▶ **EXERCISE AIM**
Using the data that follows, give again word for word the lines between the one holding "Recurrence-free survival (RFS)" and the one holding "NATURE TARGET Probiotics", inclusive. Omit the pictures.

(Image-caption web data)
BEGIN
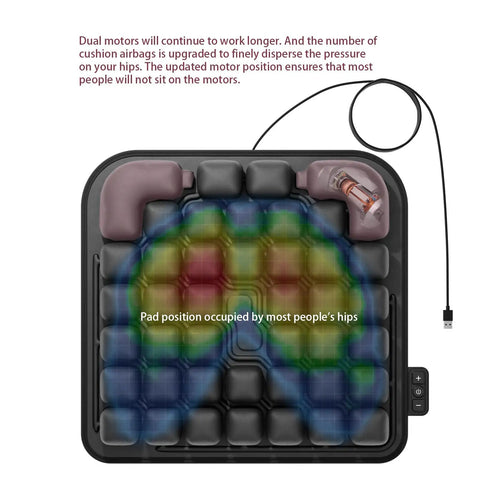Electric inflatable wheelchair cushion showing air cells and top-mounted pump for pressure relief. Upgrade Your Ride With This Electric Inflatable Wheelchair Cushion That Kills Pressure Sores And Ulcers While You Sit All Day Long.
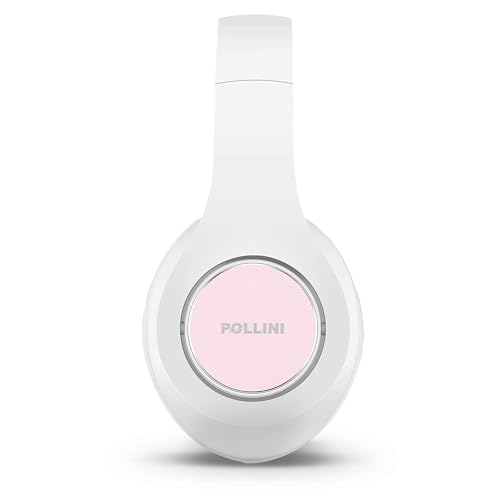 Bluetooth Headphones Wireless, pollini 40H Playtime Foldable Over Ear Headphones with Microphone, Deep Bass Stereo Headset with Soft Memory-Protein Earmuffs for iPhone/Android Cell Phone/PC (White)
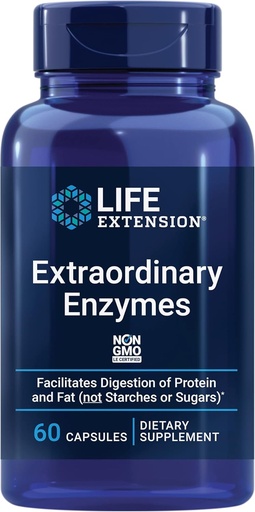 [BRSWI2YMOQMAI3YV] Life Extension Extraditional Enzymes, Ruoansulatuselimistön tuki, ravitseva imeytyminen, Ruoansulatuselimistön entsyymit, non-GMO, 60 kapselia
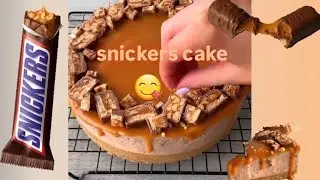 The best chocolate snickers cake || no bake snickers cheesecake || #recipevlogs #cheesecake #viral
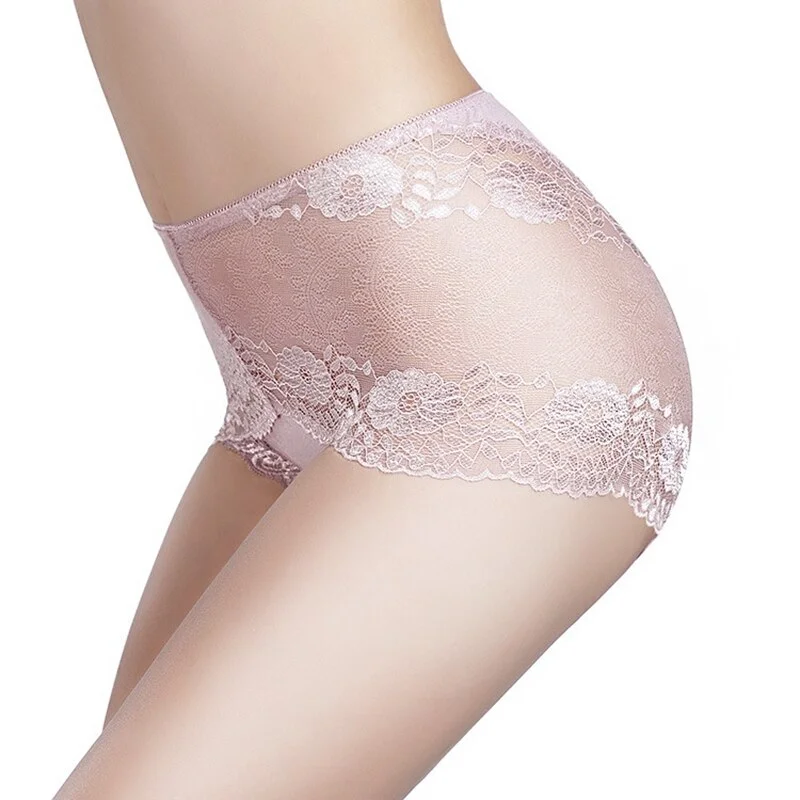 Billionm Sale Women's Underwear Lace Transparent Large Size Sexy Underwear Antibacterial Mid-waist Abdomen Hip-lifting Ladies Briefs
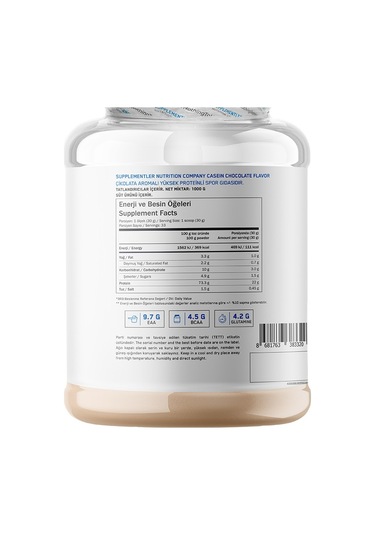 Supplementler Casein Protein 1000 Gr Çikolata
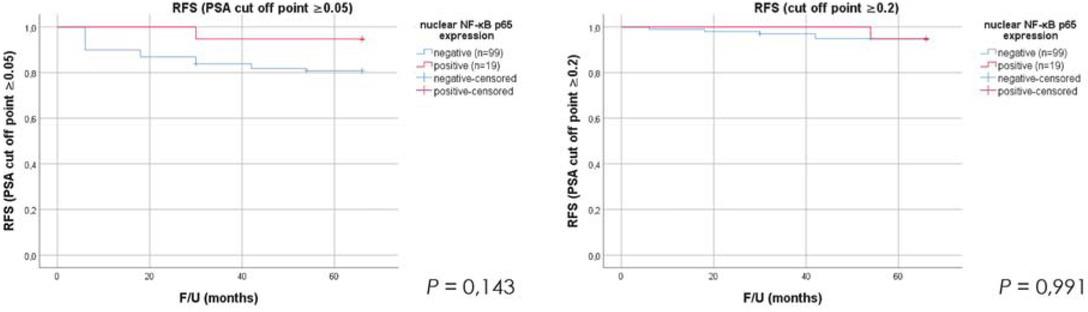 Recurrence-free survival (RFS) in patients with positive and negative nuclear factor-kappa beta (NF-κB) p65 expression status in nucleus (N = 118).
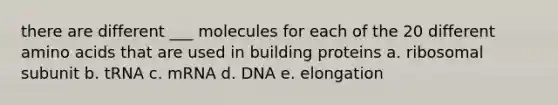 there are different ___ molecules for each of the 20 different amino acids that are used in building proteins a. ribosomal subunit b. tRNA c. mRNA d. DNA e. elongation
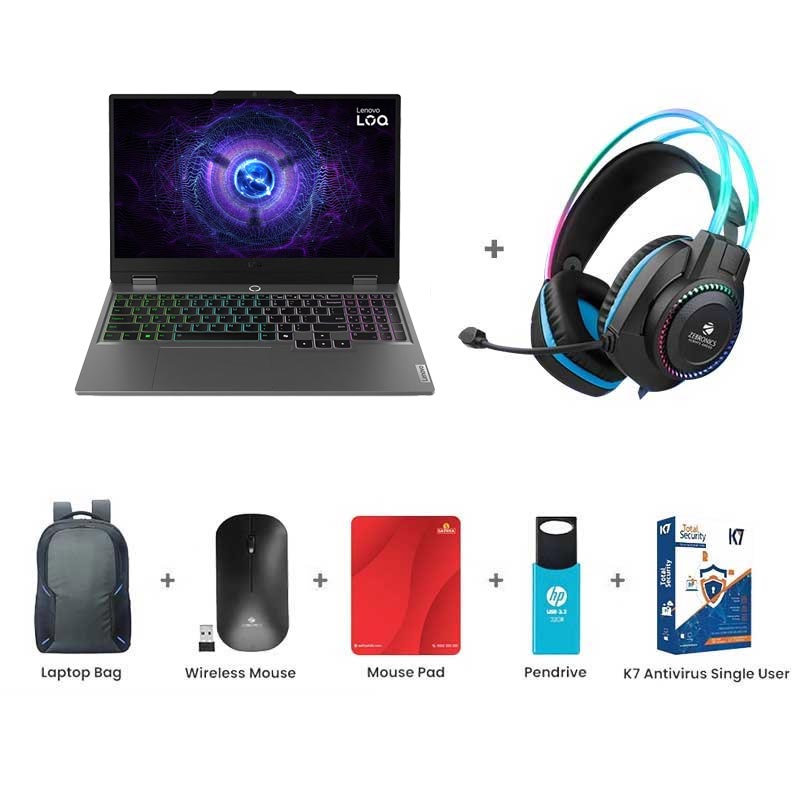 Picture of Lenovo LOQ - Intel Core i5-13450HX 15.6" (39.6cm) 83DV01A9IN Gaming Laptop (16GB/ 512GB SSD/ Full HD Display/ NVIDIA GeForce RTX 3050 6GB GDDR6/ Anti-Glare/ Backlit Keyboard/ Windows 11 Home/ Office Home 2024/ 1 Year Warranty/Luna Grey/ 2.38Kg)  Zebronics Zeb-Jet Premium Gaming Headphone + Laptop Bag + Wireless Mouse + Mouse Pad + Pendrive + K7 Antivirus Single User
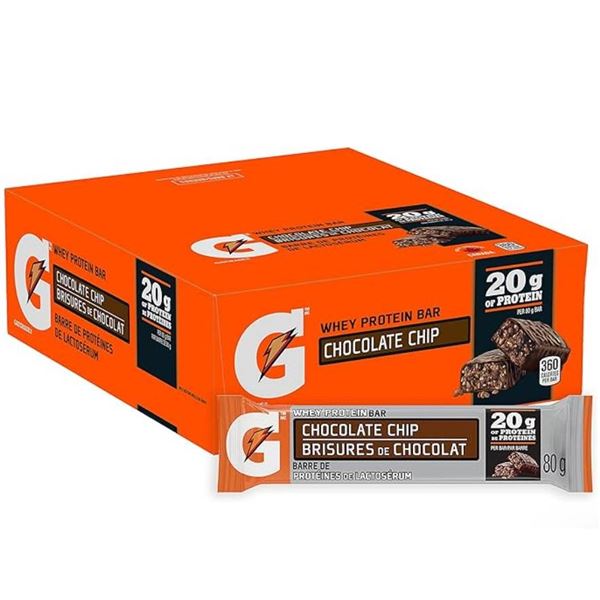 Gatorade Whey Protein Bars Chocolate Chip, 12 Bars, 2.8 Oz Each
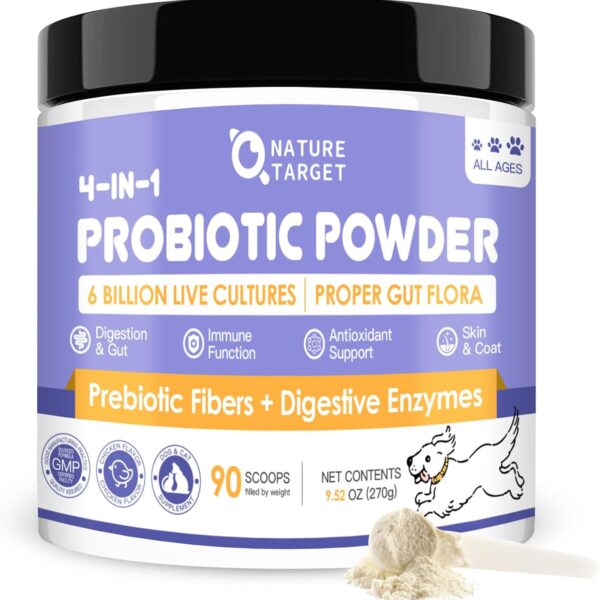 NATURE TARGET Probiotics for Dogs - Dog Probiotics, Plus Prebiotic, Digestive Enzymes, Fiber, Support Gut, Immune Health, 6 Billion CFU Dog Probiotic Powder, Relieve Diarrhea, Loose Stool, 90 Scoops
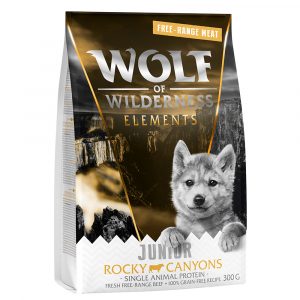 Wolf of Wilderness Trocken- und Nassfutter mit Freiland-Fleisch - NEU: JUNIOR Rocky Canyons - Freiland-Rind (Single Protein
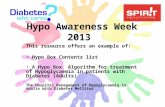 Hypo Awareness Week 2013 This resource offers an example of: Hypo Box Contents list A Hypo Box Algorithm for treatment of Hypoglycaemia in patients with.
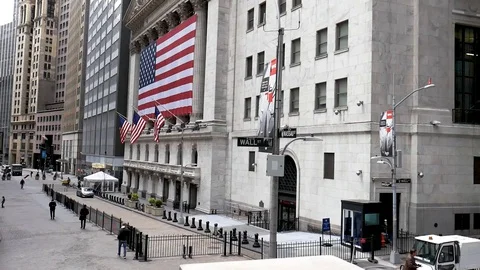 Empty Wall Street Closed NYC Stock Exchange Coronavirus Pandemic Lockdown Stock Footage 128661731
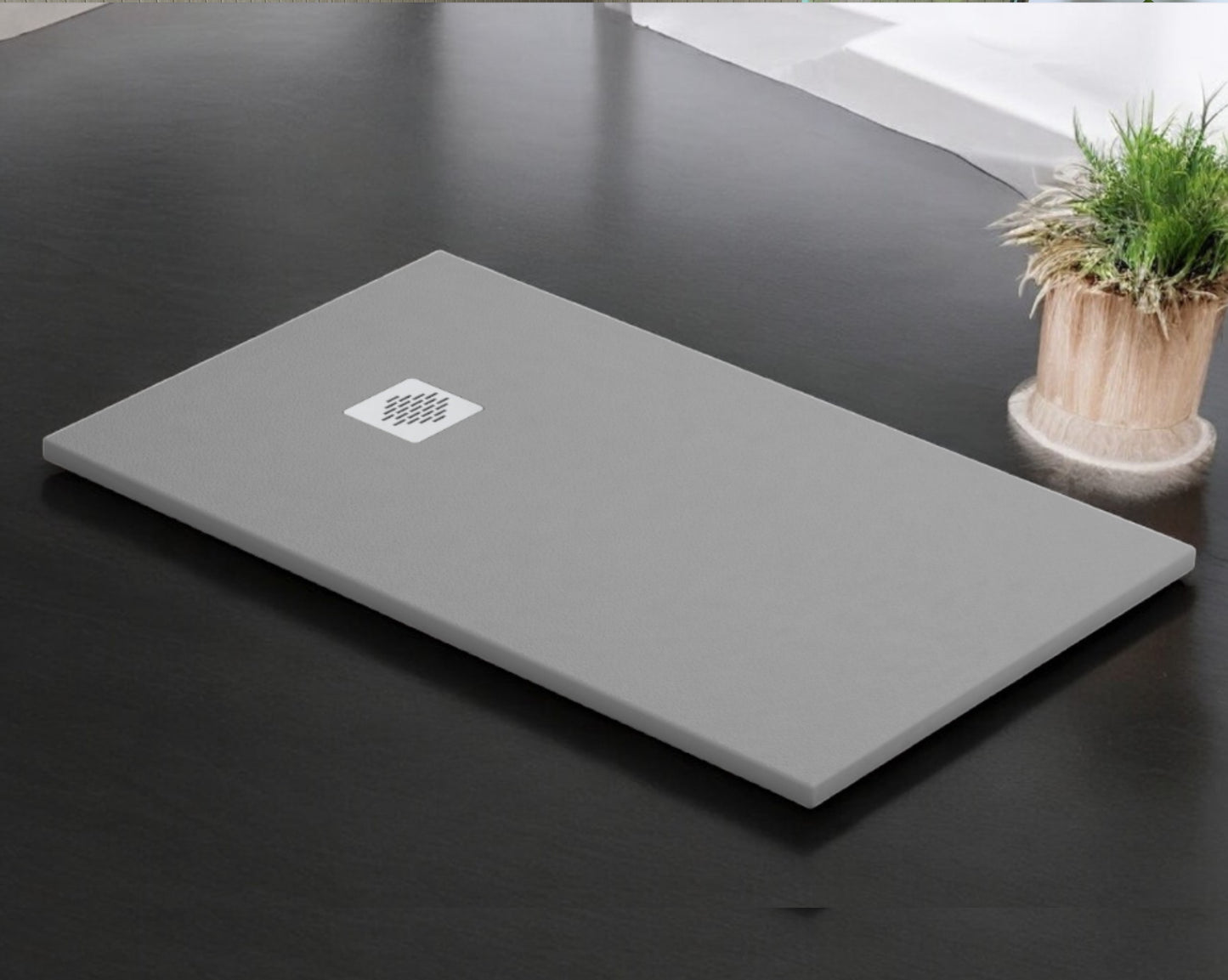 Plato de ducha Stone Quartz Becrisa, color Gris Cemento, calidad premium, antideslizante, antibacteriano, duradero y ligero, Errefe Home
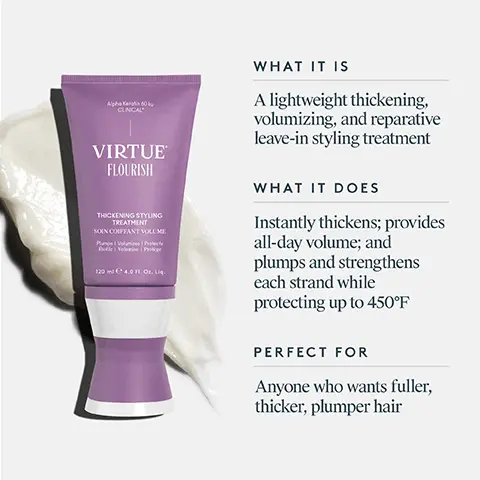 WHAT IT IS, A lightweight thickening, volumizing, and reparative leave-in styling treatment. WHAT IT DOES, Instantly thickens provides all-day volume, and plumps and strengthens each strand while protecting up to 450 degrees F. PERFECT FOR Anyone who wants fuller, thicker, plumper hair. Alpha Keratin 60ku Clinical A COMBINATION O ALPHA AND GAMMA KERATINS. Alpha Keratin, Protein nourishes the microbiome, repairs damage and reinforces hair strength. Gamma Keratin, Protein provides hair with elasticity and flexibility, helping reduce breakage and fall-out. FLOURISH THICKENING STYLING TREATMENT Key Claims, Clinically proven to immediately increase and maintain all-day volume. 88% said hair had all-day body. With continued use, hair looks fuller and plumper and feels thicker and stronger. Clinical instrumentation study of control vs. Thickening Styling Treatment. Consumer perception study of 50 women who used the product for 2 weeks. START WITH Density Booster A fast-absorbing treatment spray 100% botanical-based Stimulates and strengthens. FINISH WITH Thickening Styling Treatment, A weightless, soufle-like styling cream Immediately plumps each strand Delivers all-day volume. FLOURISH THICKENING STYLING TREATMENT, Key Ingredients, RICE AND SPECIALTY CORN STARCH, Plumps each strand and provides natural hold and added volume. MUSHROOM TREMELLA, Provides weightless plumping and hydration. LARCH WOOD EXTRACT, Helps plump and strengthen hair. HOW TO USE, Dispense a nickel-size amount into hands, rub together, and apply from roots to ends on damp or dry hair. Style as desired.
END
▶ **YOUR RESPONSE**
 Recurrence-free survival (RFS) in patients with positive and negative nuclear factor-kappa beta (NF-κB) p65 expression status in nucleus (N = 118).
 there are different ___ molecules for each of the 20 different amino acids that are used in building proteins a. ribosomal subunit b. tRNA c. mRNA d. DNA e. elongation
 Picture of Lenovo LOQ - Intel Core i5-13450HX 15.6" (39.6cm) 83DV01A9IN Gaming Laptop (16GB/ 512GB SSD/ Full HD Display/ NVIDIA GeForce RTX 3050 6GB GDDR6/ Anti-Glare/ Backlit Keyboard/ Windows 11 Home/ Office Home 2024/ 1 Year Warranty/Luna Grey/ 2.38Kg)  Zebronics Zeb-Jet Premium Gaming Headphone + Laptop Bag + Wireless Mouse + Mouse Pad + Pendrive + K7 Antivirus Single User
 Gatorade Whey Protein Bars Chocolate Chip, 12 Bars, 2.8 Oz Each
 NATURE TARGET Probiotics for Dogs - Dog Probiotics, Plus Prebiotic, Digestive Enzymes, Fiber, Support Gut, Immune Health, 6 Billion CFU Dog Probiotic Powder, Relieve Diarrhea, Loose Stool, 90 Scoops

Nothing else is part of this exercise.